RECORDS TO USE:
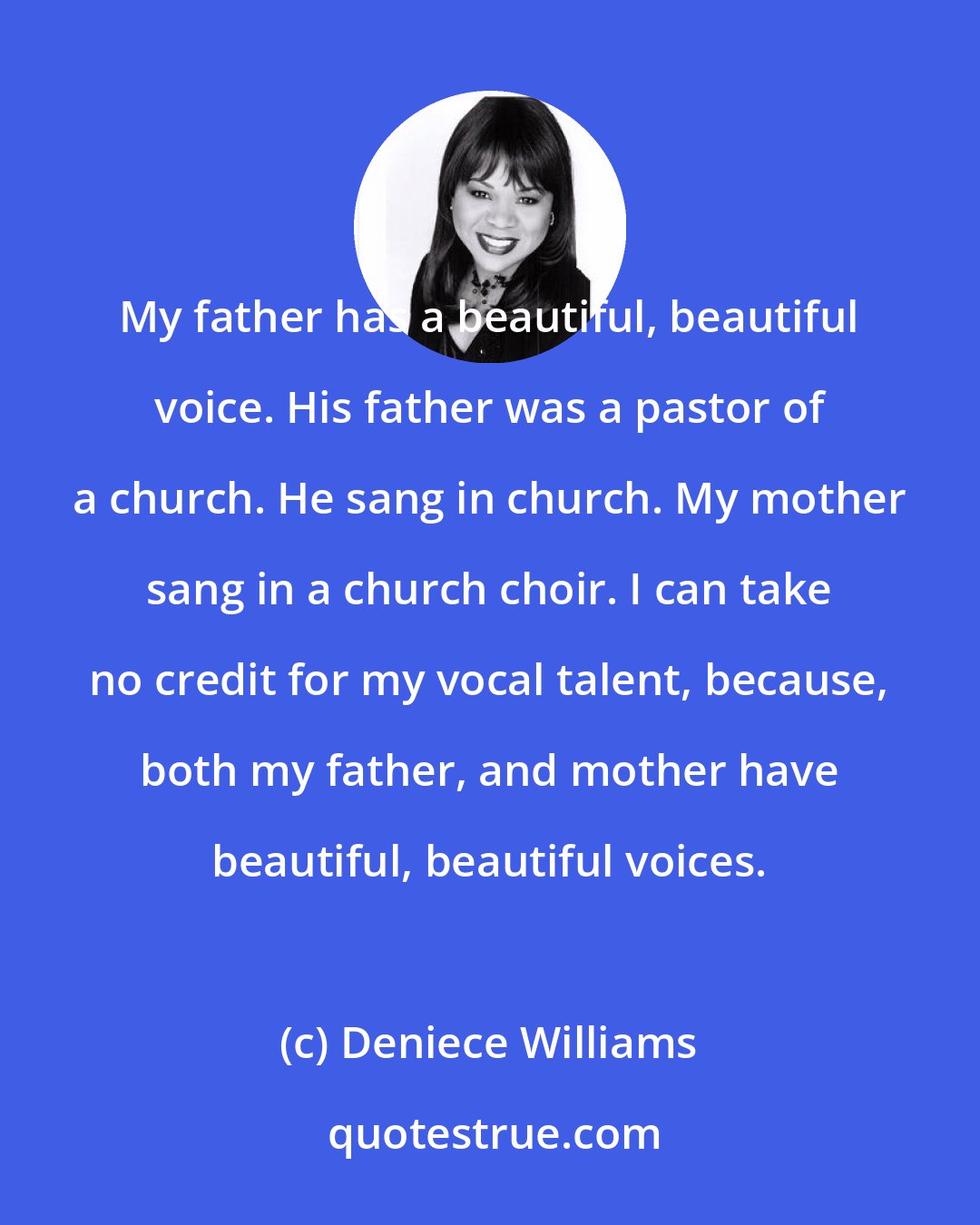 Deniece Williams: My father has a beautiful, beautiful voice. His father was a pastor of a church. He sang in church. My mother sang in a church choir. I can take no credit for my vocal talent, because, both my father, and mother have beautiful, beautiful voices.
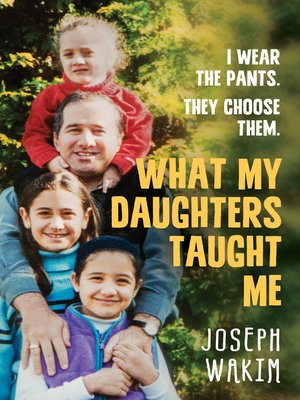 cover image of What My Daughters Taught Me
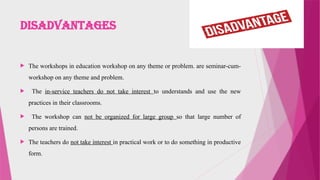 Disadvantages
 The workshops in education workshop on any theme or problem. are seminar-cum-
workshop on any theme and problem.
 The in-service teachers do not take interest to understands and use the new
practices in their classrooms.
 The workshop can not be organized for large group so that large number of
persons are trained.
 The teachers do not take interest in practical work or to do something in productive
form.
 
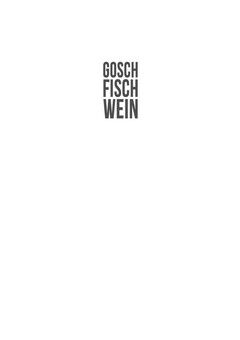 GOSCH FISCH WEIN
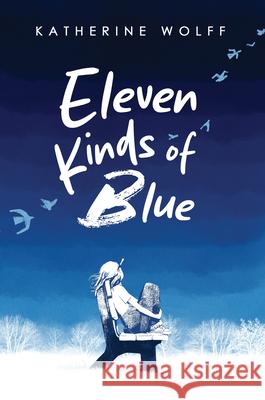 Eleven Kinds of Blue Katherine Wolff 9780823459704 Holiday House - książka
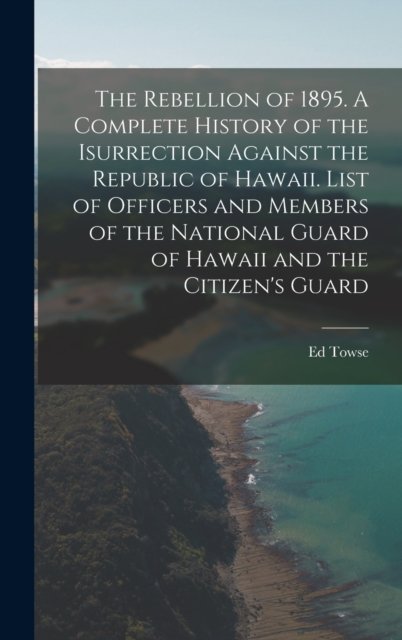 Cover for Ed 1867- Towse · The Rebellion of 1895. A Complete History of the Isurrection Against the Republic of Hawaii. List of Officers and Members of the National Guard of Hawaii and the Citizen's Guard (Hardcover Book) (2021)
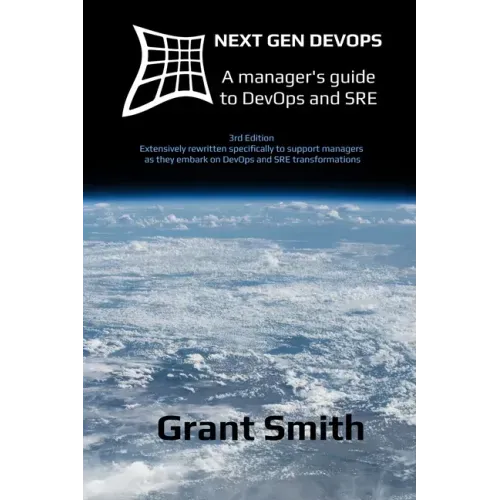 Next Gen DevOps: A manager's guide to DevOps and SRE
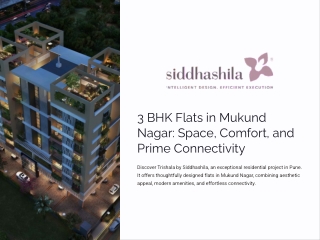 3 BHK Flats in Mukund Nagar: Space, Comfort, and Prime Connectivity | Siddhashil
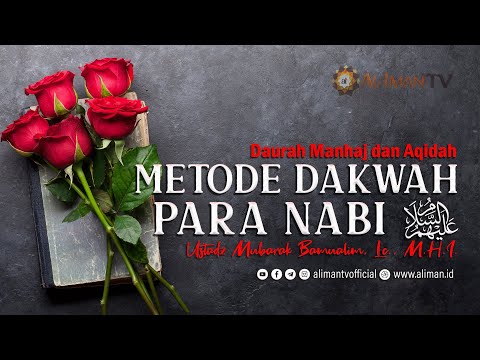 Daurah Manhaj & Aqidah : Metode Dakwah Para Nabi - Ustadz Mubarak Bamualim, Lc., M.H.I.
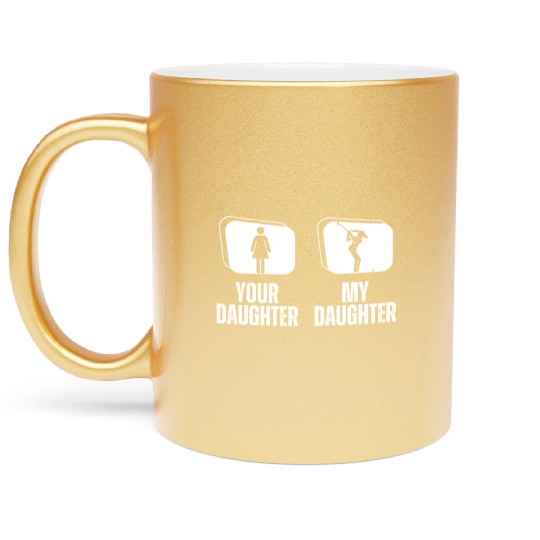 Golfing Your Daughter My Daughter Proud Dad Mom Metallic Mugs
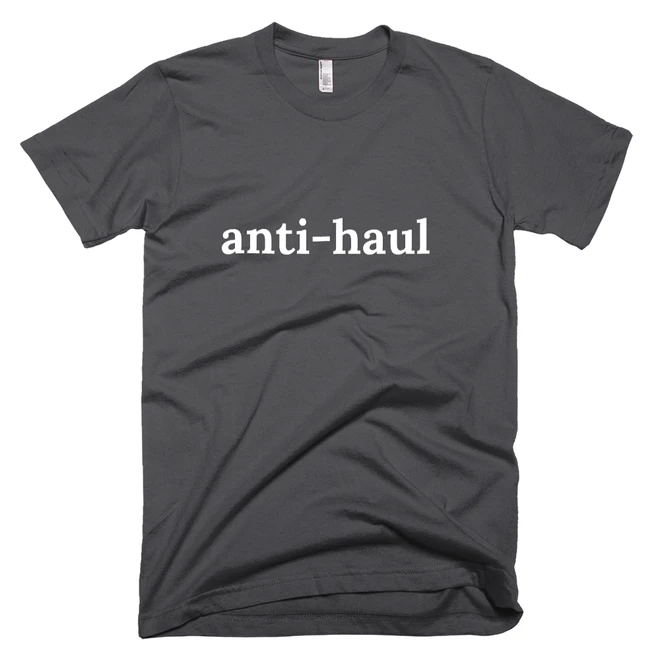 T-shirt with 'anti-haul' text on the front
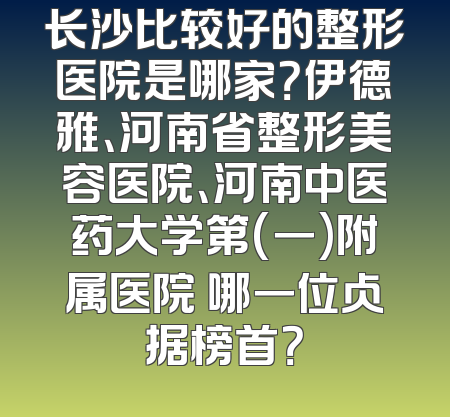 长沙比较好的整形医院是哪家？伊德雅、河南省整形美容医院、河南中医药大学第(一)附属医院 哪一位占据榜首？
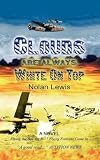 Cover of Clouds Are Always White On Top by Nolan Lewis 0952260352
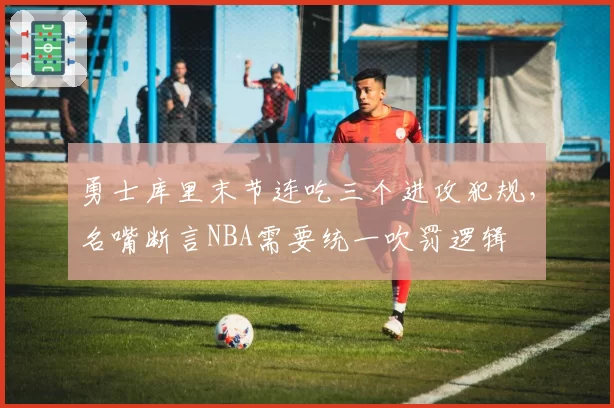 勇士库里末节连吃三个进攻犯规，名嘴断言NBA需要统一吹罚逻辑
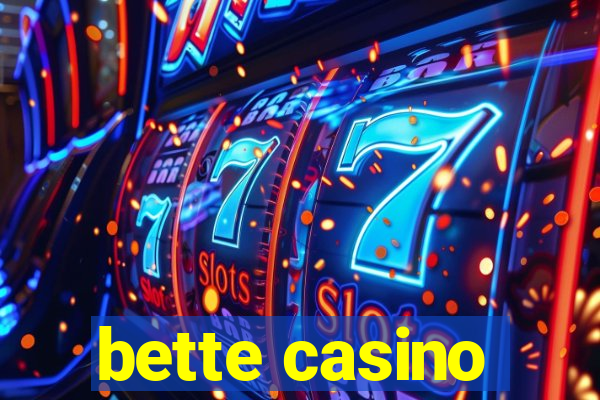 bette casino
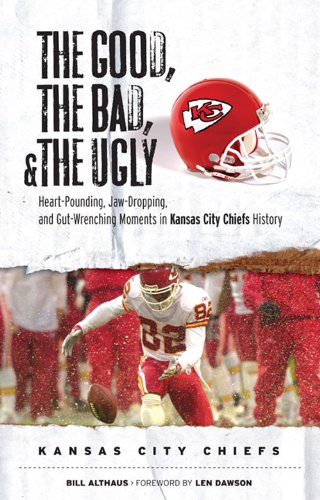 The Good, The Bad, and the Ugly Kansas City Chiefs (Good, the Bad, & the Ugly)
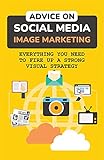 Advice On Social Media Image Marketing: Everything You Need To Fire Up A Strong Visual Strategy: Fire Up A Strong Visual Strategy (English Edition)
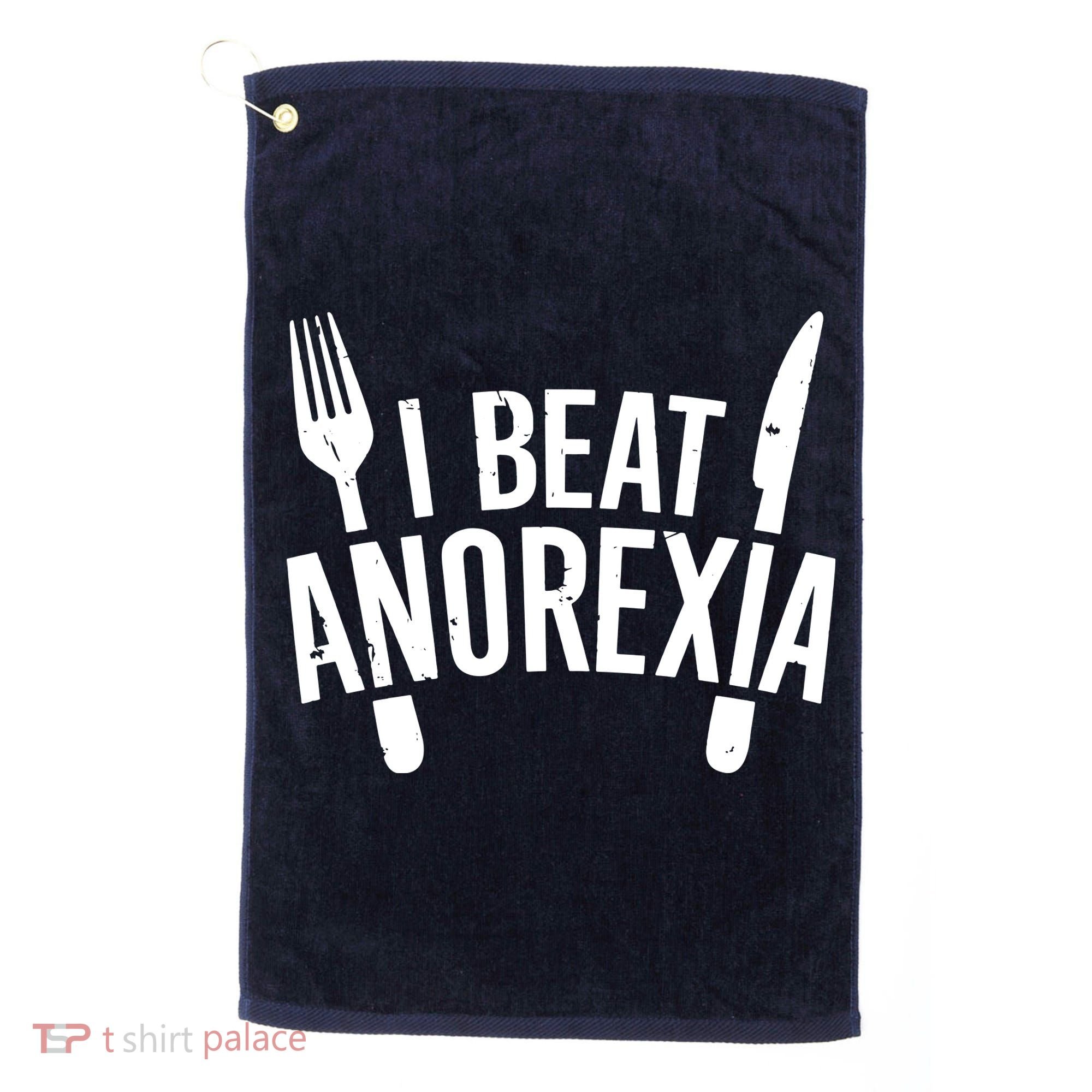 I Beat Anorexia Golf Towel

PROBLEM STATEMENT: Leave out all pictures and extract exactly the lines from the line with "The Good, The" through the end of the material.

REPLY TO THE TASK:
 The Good, The Bad, and the Ugly Kansas City Chiefs (Good, the Bad, & the Ugly)
 Advice On Social Media Image Marketing: Everything You Need To Fire Up A Strong Visual Strategy: Fire Up A Strong Visual Strategy (English Edition)
 I Beat Anorexia Golf Towel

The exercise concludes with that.